Yang’s worries about autonomous driving didn’t come from nowhere. Plenty of folks in Silicon Valley, including Elon Musk, were claiming self-driving cars were nearly ready to hit the road en masse. What’s more, the subject of technological unemployment was getting serious treatment from economists.
Living in the back half of the chessboard
In their highly (and still) influential 2011 book, “Race Against the Machine,” Erik Brynjolfsson and Andrew McAfee of MIT explained that the accelerating digital economy meant “the threat of technological unemployment is real. ... As the technology moves into the second half of the chessboard, each successive doubling in power will increase the number of applications where it can affect work and employment. As a result, our skills and institutions will have to work harder and harder to keep up lest more and more of the labor force faces technological unemployment.”
It’s a conclusion that probably really struck home with readers among the millions of Americans that year who watched IBM's Watson AI system defeat two of quiz show Jeopardy!’s all-time human champions.
Other economists attempted to measure worker vulnerability to smart machines, including artificial intelligence.

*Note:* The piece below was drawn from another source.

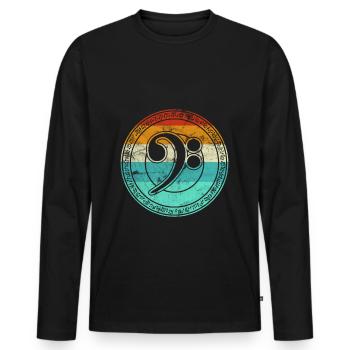 Bass guitar bass clef for bass guitarists Vin - Men's Premium Organic Long Sleeve Shirt - black - Front - Nico (187cm)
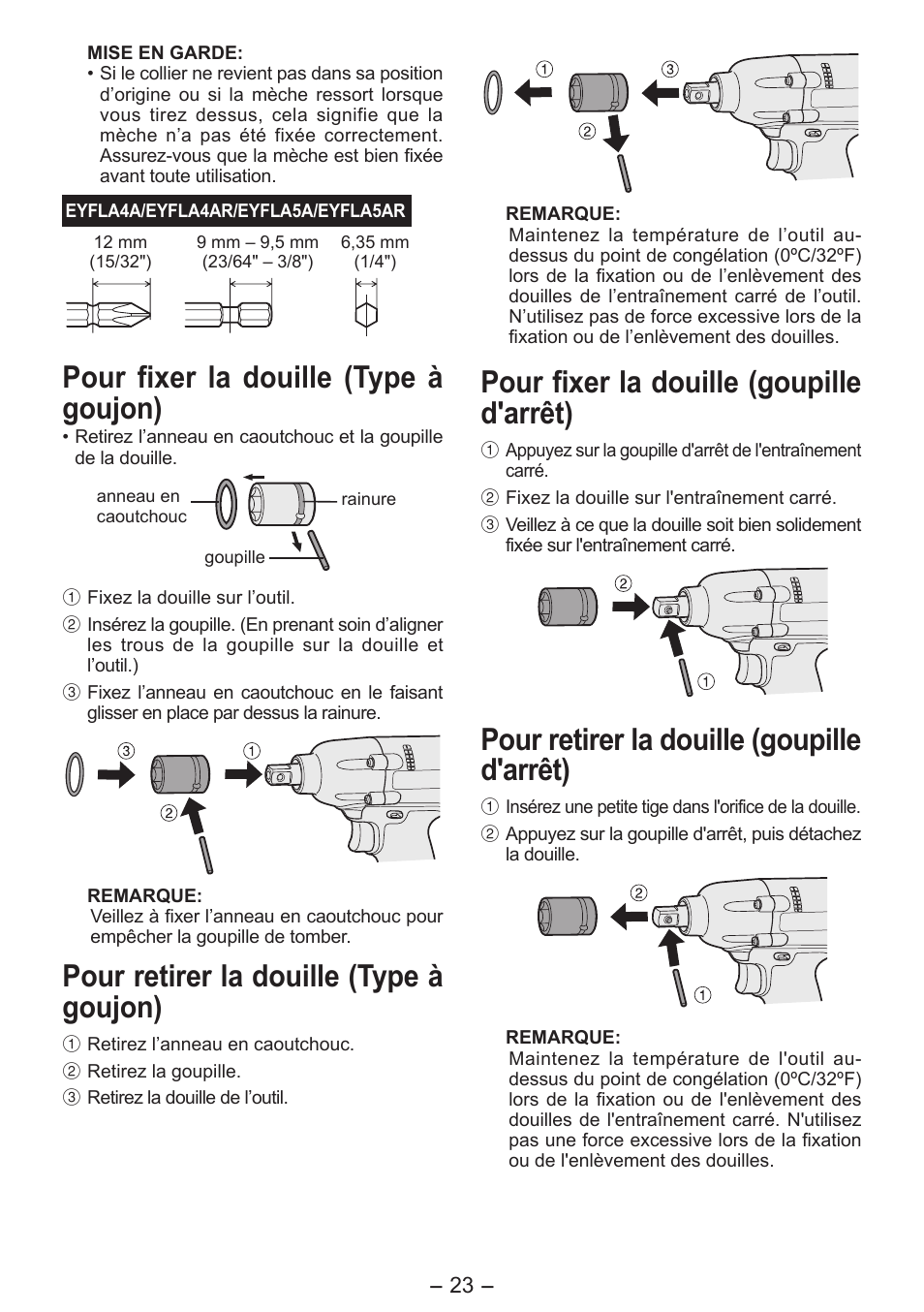 Pour fixer la douille (type à goujon), Pour retirer la douille (type à goujon), Pour fixer la douille (goupille d'arrêt) | Pour retirer la douille (goupille d'arrêt) | Panasonic EYFLA6PR User Manual | Page 23 / 56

Perhaps the most famous estimate came from a 2013 analysis by Oxford University researchers Carl Benedikt Frey and Michael Osborne who claimed that 47 percent of total US employment was in the “high risk category, meaning that associated occupations are potentially automatable over some unspecified number of years, perhaps a decade or two.”
To arrive at this estimate, Frey and Osborne, along with a group of ML researchers, subjectively hand-labeled 70 occupations, assigning 1 if automatable, and 0 if not. They then created a computer program that learned from this labeled data and the key job traits that make automation harder. After training on those jobs, the program was used to calculate the probability that computers could do each of some 700, based on their automation traits.
(Breaking jobs down into their specific tasks and then examining them for their automation potential isn’t dissimilar to the method followed by a recent Goldman Sachs analysis that finds most jobs and industries are only partially exposed to automation, and are thus more likely to be complemented, rather than substituted, by generative AI “if it delivers on its promised capabilities.” The bank’s economics team finds that “7 percent of current US employment could be substituted by AI, 63 percent could be complemented, and 30 percent could be unaffected.”)
Furthermore, Frey and Osborne suggested that many jobs in transportation, logistics, office support, and production were at high risk of being automated. Many service jobs, a major source of US job growth for decades, were also vulnerable. Additionally, they determined that lower wages and education levels were strongly linked to a higher likelihood of a job being automated. That would represent a shift from the 20th-century trend of middle-income jobs being most affected. To stay competitive, they concluded, “low-skill workers will reallocate to tasks that are non-susceptible to computerisation—i.e., tasks requiring creative and social intelligence.”
So far, no jobs collapse in sight
Back to the present: The robots and algorithms have yet to cause mass technological unemployment, much less take all the jobs. The jobless rate is at decades lows. There’s such a need for workers that one explanation for the continued high rate of US job growth is the surge in immigration, with roughly 2.5 million newcomers arriving in 2023, the highest level in the last two decades. (Goldman Sachs notes that “recent immigrants have a higher labor force participation rate (64%) than the native-born population.”)
Still, the emergence of GenAI has reenergized tech unemployment concerns, a fact noted in a new analysis from Frey and Osborne. “Generative AI and the Future of Work: A Reappraisal” updates their 2013 paper.